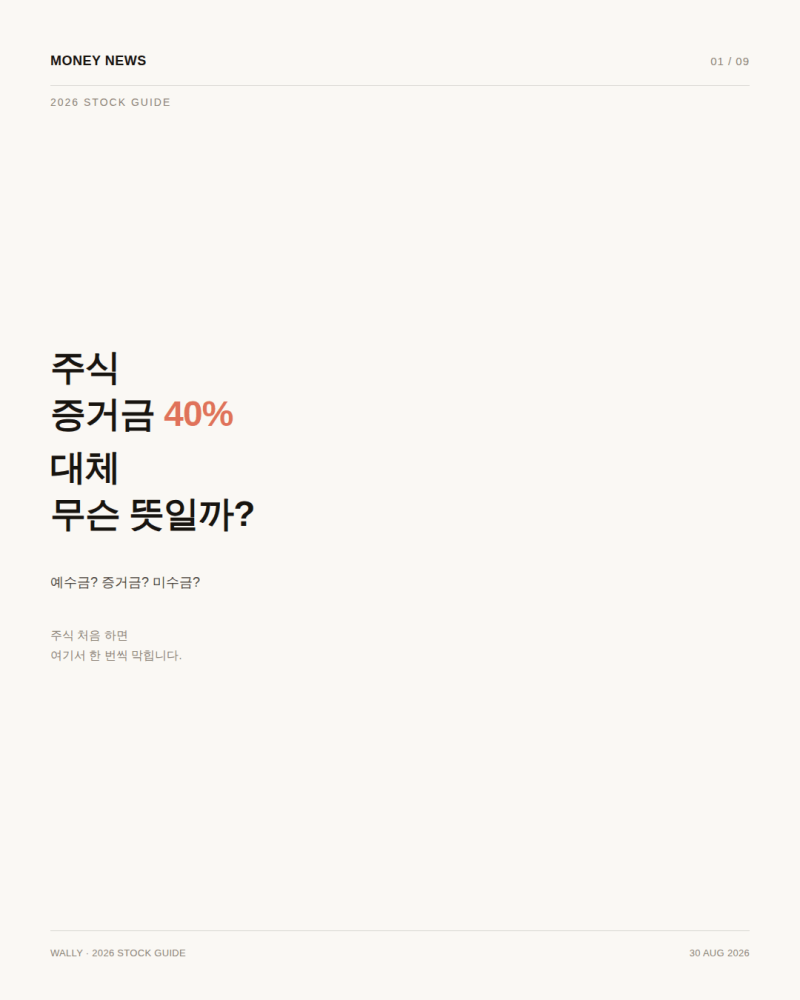주식 증거금 40% 뜻은? 예수금·미수금까지 한 번에 정리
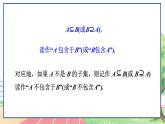 高中数学RJB必修第一册 1.1.2 集合的基本关系 PPT课件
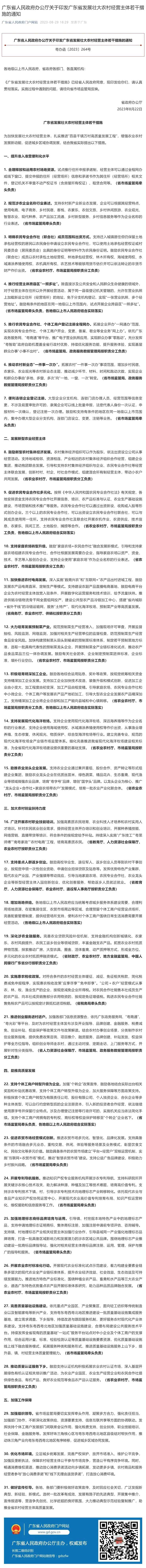 yl23455永利集团(Macau)有限公司官网-Official website
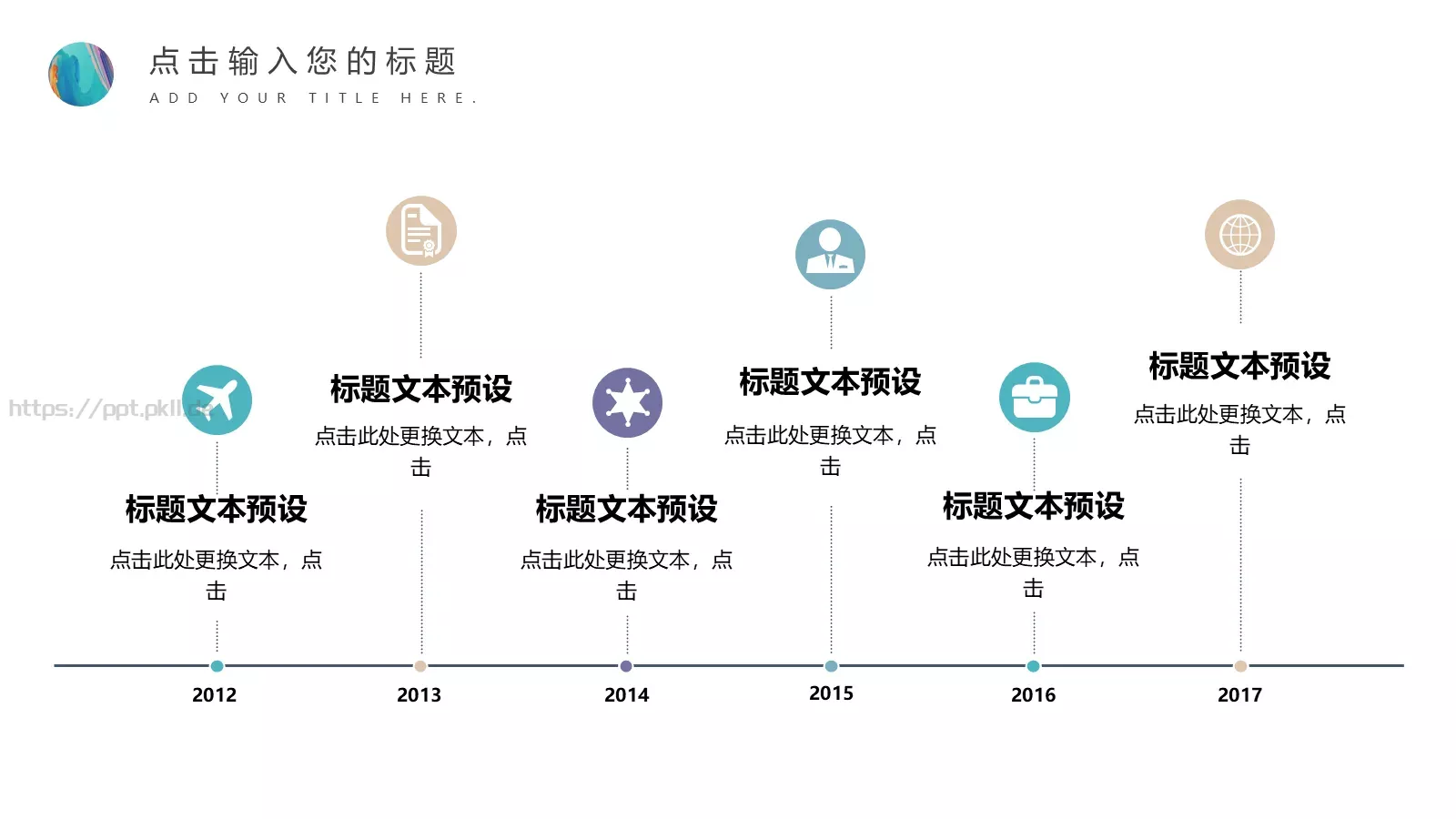 工作汇报PPT模板 第 14 页预览图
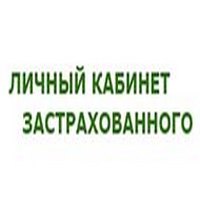 Личный кабинет застрахованного Личный кабинет застрахованного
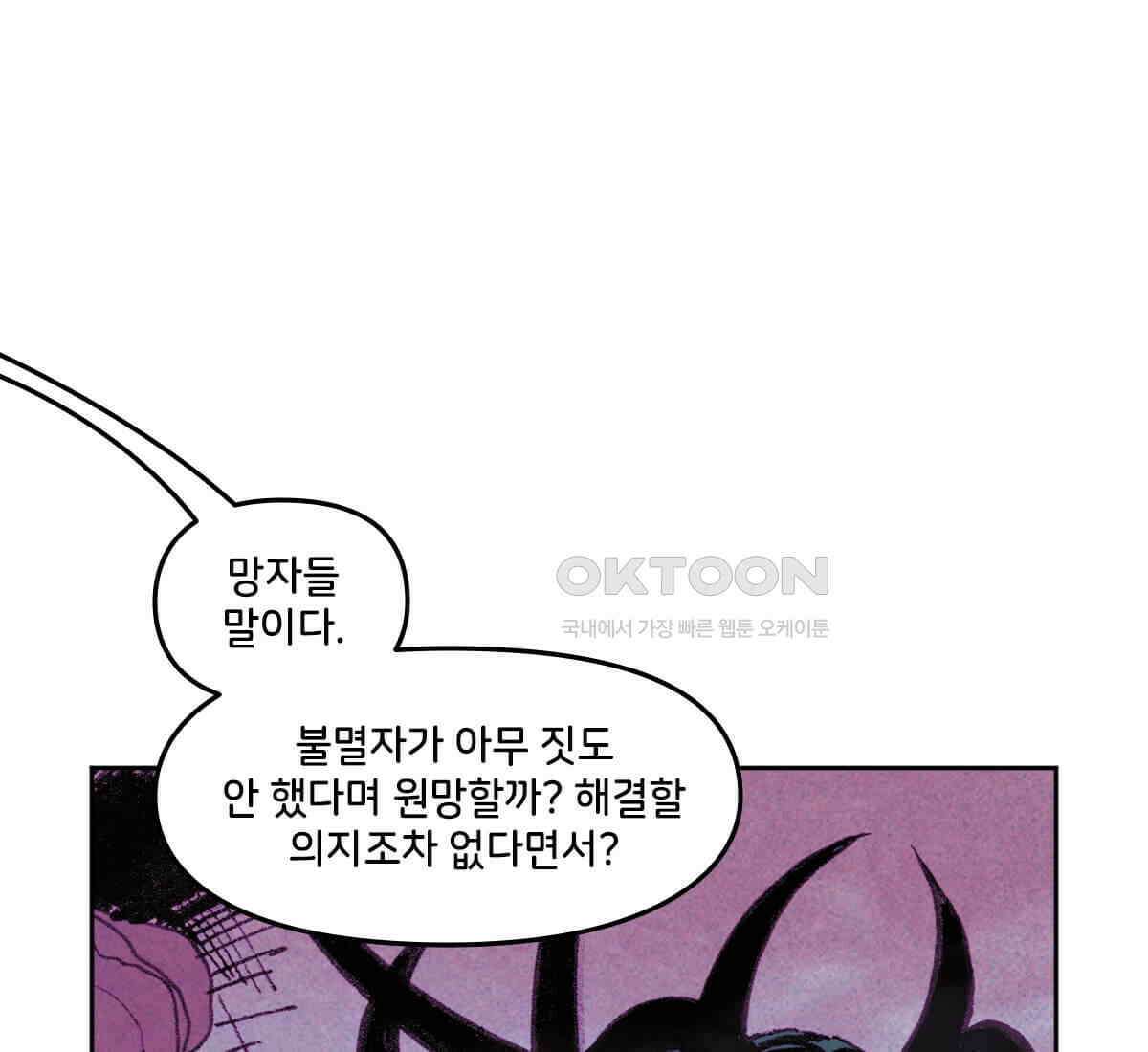 토르 223화 아버지들의 죄 1부 169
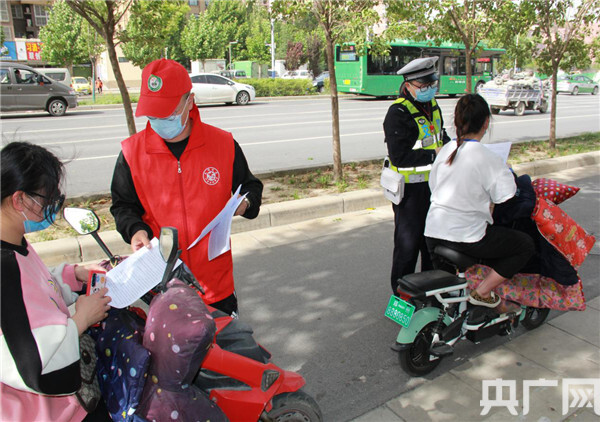 南街社区居委会交通新闻更新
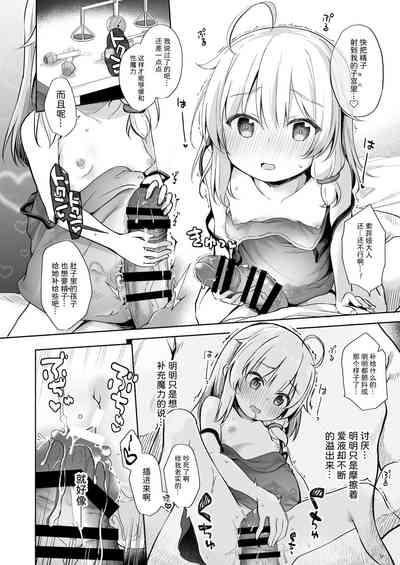 第22頁圖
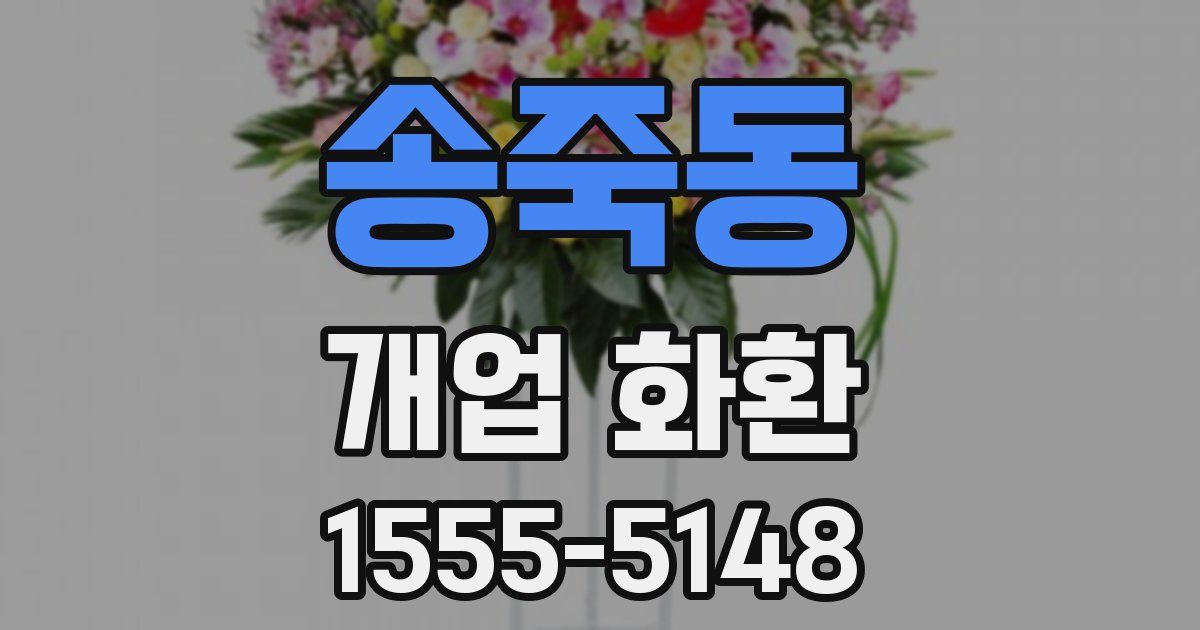 송죽동 개업 화환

◇ ◇ ◇

*EXERCISE*. Reproduce, word for word, the lines from the one containing "Личный кабинет застрахованного Личный" through the final line above. Leave every picture out.

*RESULT BELOW*.
 Личный кабинет застрахованного Личный кабинет застрахованного
 토르 223화 아버지들의 죄 1부 169
 南街社区居委会交通新闻更新
 第22頁圖
 송죽동 개업 화환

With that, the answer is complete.